As specified in the documentation (www.ibm.com/support/knowledgecenter/SSSA5P_12.6.3/ilog.odms.cplex.help/refcallablelibrary/mipapi/cutcallbackadd.html)
this callback has a parameter, 'int purgeable', that you can use to specify which strategy CPLEX should apply to manage your cut.
The possible values for purgeable are:
CPX_USECUT_FORCE:
The cut is added to the relaxation and stays there
CPX_USECUT_PURGE:
The cut is added to the relaxation but can be purged later on if CPLEX deems the cut ineffective.
CPX_USECUT_FILTER:
The cut is treated exactly as cuts generated by CPLEX; that is, CPLEX applies its filtering process and may not even add the cut to the relaxation, for example, if CPLEX deems other cuts more effective, or if the cut is too dense.
If you are using other APIs then nothing changes since you still have the same possibility.
On the contrary, you don't have any control on the strategies for filtering the cuts, with cuts stored in the usercut pool.
I can tell you that for usercut in the pool the strategy is equivalent to CPX_USECUT_PURGE above, but there is no way to change it.
This difference can play an important role if most of the user cuts are separated at the root node.
I don't know which strategy you are using when adding cuts from usercut callback, but if you use CPX_USECUT_FORCE then this might explain the differences.
Please note that the number of usercuts applied reported at the end in the log reflects the number of usercuts present in the final relaxation.

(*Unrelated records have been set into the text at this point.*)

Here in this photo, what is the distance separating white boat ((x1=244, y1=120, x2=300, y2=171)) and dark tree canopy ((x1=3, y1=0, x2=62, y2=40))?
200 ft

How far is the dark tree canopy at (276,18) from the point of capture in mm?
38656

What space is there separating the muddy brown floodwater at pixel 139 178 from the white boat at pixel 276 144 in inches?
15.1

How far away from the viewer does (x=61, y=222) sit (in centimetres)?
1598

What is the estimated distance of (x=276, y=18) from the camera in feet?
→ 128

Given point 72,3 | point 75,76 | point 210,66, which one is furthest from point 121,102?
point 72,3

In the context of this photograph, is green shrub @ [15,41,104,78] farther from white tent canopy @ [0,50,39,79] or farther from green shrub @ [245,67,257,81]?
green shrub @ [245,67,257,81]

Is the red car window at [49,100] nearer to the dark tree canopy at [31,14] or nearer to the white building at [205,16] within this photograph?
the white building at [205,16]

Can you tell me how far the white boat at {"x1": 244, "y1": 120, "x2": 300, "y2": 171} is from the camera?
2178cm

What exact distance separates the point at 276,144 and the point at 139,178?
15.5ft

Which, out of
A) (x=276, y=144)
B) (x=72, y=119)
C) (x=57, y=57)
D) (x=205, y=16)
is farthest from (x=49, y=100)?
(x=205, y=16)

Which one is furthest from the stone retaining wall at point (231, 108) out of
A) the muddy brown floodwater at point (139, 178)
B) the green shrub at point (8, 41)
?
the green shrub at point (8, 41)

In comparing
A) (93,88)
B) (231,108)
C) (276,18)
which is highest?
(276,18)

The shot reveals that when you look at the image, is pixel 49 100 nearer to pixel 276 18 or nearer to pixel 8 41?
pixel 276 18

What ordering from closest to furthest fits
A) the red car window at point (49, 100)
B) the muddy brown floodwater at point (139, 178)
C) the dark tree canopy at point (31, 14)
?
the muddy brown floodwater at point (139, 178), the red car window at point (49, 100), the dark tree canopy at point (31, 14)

Thus, cuts that are added to the relaxation but then purged (i.e., removed) afterwards will not be counted in those final statistics.
2. The second difference is about strategies to give up with cut separation.

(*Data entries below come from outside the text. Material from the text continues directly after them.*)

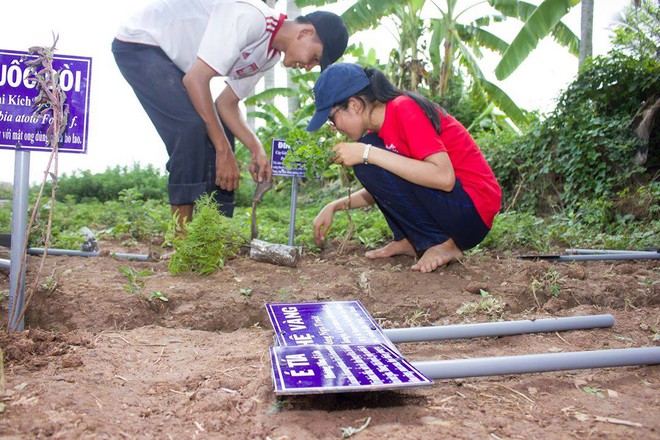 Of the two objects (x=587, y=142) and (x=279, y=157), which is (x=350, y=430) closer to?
(x=279, y=157)

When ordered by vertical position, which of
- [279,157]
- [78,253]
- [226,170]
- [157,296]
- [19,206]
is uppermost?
[279,157]

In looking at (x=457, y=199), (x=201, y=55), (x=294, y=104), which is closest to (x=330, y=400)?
(x=457, y=199)

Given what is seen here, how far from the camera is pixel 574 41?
862 centimetres

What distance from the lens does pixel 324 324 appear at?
1974mm

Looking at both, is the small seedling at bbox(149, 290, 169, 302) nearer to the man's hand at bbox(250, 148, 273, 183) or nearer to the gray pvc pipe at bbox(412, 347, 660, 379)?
the man's hand at bbox(250, 148, 273, 183)

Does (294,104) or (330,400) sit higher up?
(294,104)

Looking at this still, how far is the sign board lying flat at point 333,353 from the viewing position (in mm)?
1312

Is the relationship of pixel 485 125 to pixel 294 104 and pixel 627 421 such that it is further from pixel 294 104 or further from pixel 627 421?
pixel 627 421

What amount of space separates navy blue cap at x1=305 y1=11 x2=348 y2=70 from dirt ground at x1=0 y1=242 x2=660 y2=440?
1293mm

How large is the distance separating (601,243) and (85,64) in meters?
4.03

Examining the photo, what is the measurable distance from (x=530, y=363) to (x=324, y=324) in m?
0.76

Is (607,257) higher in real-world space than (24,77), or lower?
lower

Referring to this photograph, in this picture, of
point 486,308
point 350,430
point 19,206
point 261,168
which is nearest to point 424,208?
point 486,308

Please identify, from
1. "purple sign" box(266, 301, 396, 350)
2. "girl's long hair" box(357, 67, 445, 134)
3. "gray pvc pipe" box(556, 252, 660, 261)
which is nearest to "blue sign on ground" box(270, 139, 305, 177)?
"girl's long hair" box(357, 67, 445, 134)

When your usercut callback is called, it receives on input the 'wherefrom' parameter, that in the case of a usercut callback can have 2 values:
CPX_CALLBACK_MIP_CUT_LOOP: callback called inside the CPLEX cut loop, when CPLEX is also generating its own cuts
CPX_CALLBACK_MIP_CUT_LAST: callback called after the CPLEX cut loop, when CPLEX has decided to stop generating its own cuts
So, usercuts stored in the pool are only separated together with CPLEX cuts, during CPLEX cut loop.

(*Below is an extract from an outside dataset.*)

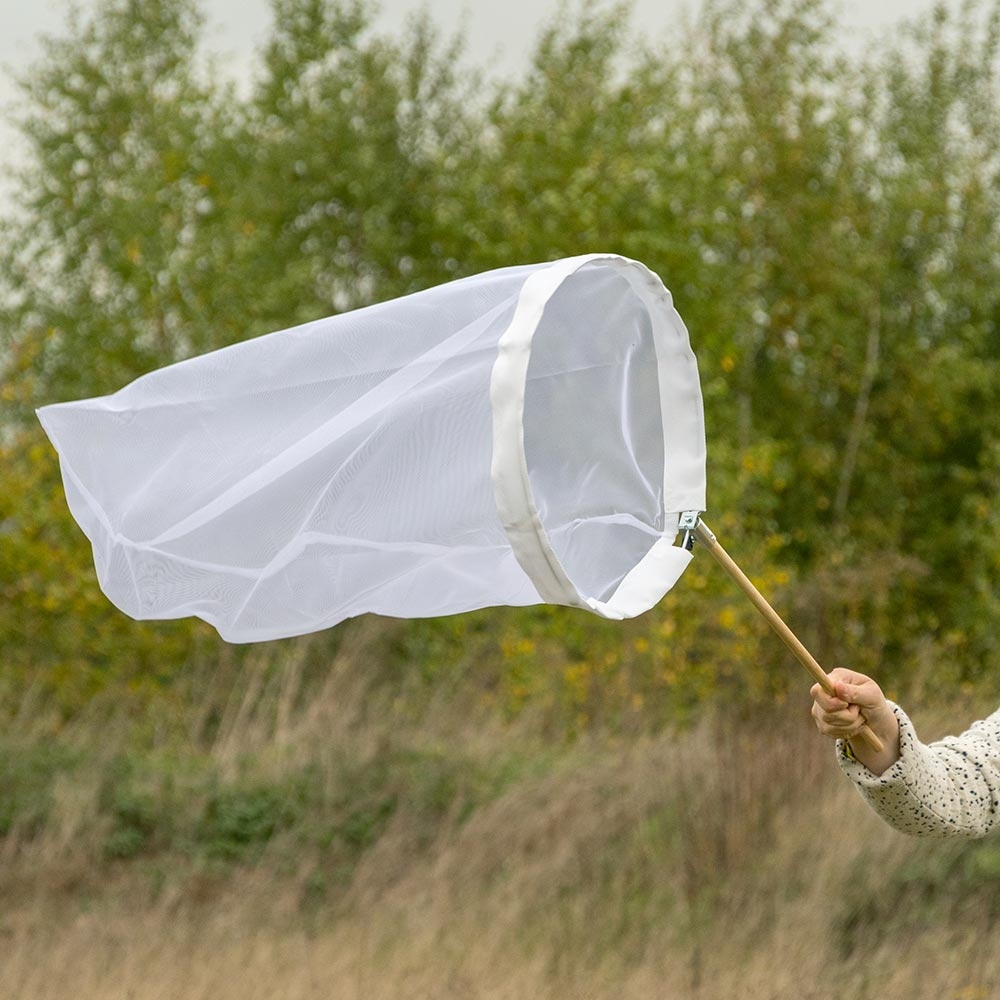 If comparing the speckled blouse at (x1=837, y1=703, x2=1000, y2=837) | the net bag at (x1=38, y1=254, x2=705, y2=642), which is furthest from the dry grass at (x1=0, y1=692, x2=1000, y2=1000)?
the net bag at (x1=38, y1=254, x2=705, y2=642)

If you instead use a callback, then you can be more aggressive and separate usercuts also when CPLEX has decided to stop separating cuts.
3. The third difference is about separation strategies during the branch-and-bound, i.e., cut separation in the tree.
If you have a usercut callback installed, this is called at every node (every node with an optimal solution that is fractional, of course),
and thus you have a lot of flexibility in deciding when/if separating the cuts.
On the other hand, usercuts stored in the pool are separated only together with other CPLEX cuts.
In the tree, CPLEX is quite conservative with cut separation. It does not separate cuts at every node, but only at some nodes, depending on some internal rules/strategies.
Therefore there might be many nodes at which usercuts in the pool are not separated, but CPLEX stll calls the usercut callback.